The second his arms wrapped around me, I died. A long, shaky breath shot out of me, like my lungs had been holding something caged and tight for way too long.

Sage and sea salt pressed into my skin. I could hear his heartbeat, fast and insistent beneath me. Was he nervous too?

I curled my arms around his midsection, gripping at the fabric of his hoodie, pressing closer. He was solid, steady—so damn steady. Like a weird anchor in the form of a masked stalker.

His chin came down, resting on top of my head.

Wait .

Was he sniffing me? His chest expanded in one deep, heavy inhale that cracked something in me.

I needed this. More than I wanted to admit.

I needed more . I nudged him back, just enough to make him shift, and to my surprise, he got the hint and sank into the cushions.

My body melted into his, limbs tangling awkwardly as I curled against his chest, one arm draped over his ribs, the other fisted against his sternum like I desperately needed something to stop me from slipping through the cracks of my own mind. And I did.

God, it was wrong. So, so wrong. But my inner child—fractured, hollow, desperate for even a whisper of safety—was screaming for it .

He was unreasonably warm, and the rise and fall of his chest beneath my cheek calmed something jagged inside me. The minutes stretched, measured only by the subtle flex of his fingers against my back.

“Can I stroke your hair?”

I stiffened. My brain still hadn’t caught up with the fact I was here, sitting in my living room, in this moment, wrapped up in something I didn’t have the energy to pick apart right now. But—hell. We were already here. So I gave him my permission with one word.

“Please.”

His hand came up, slow and tentative, fingers barely brushing through the strands at first, as if he was waiting for me to flinch back.

I didn’t.

A shudder ran through me instead, my body reacting before I could stop it, and I curled deeper into him as his fingers threaded through my hair in slow strokes. Each pass dragged against my scalp, easing the edges of my earlier panic, numbing the raw, frayed nerves still lingering beneath my ribs.

It felt… nice. Too nice.

I was wired with exhaustion, tension pressing in everywhere, but his touch smoothed over it, dulling it, pressing it down until I felt like I was floating.

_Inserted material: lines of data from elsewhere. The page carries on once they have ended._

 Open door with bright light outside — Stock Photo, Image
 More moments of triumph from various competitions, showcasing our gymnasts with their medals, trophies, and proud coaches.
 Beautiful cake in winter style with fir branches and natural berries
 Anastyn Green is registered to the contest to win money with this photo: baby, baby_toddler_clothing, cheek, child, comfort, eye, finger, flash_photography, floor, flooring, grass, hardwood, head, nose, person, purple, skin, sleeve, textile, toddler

“This okay?” he murmured, voice impossibly soft.

“Yeah,” I whispered.

His fingers ghosted over my skull again, slow and gentle, like he was memorising the feel of me, like he had nowhere else to be but here, stroking my hair whilst I held onto him, grounding me in a way I didn’t realise I needed.

My breath came easier now, deeper, syncing with the rhythm of his movements.

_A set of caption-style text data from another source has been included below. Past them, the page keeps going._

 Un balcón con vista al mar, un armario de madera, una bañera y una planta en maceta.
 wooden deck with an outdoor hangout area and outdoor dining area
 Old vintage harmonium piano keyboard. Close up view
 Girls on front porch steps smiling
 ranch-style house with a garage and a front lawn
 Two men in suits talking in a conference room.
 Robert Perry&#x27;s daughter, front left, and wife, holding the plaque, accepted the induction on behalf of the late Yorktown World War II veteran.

God, it was dangerous how good it felt.

My eyelids were so heavy, sleep pulling at me, coaxing me under with every soft graze of his touch.

“You should go to bed,” he murmured. “You have work in a few hours.”

I knew I should. I knew I needed to pull myself up, force myself to move. But the warmth, his presence, the way his hand didn’t stop moving against me despite the outright strangeness of the whole situation, it made it easier to stay.

I huffed out a tired, breathy laugh. “No thanks, I’m good here.”

“Lilith.” His tone had a warning edge to it.

“Okay, okay,” I groaned as I peeled myself away from him.

He stood and grabbed his coat before stepping back towards the door. He opened it, but hesitated on the threshold, lingering just a second too long, shadows pooling around him.

“Thank you.” I didn’t know why I said it. But it felt right.

He held my stare, long enough for me to catch something unreadable flickering in his eyes. “Goodnight, Lilith.”

I wet my lips, heartbeat suddenly off-kilter. “Goodnight, Mr. Stalker.”

The door shut behind him. And I just sat there. Staring at it, heavy-lidded.

What in the ever-loving fuck was that?

Stockholm Syndrome? Stalker Syndrome? Was that even a thing?

Whatever it was, I had it. And now, I wasn’t sure if I even wanted a cure.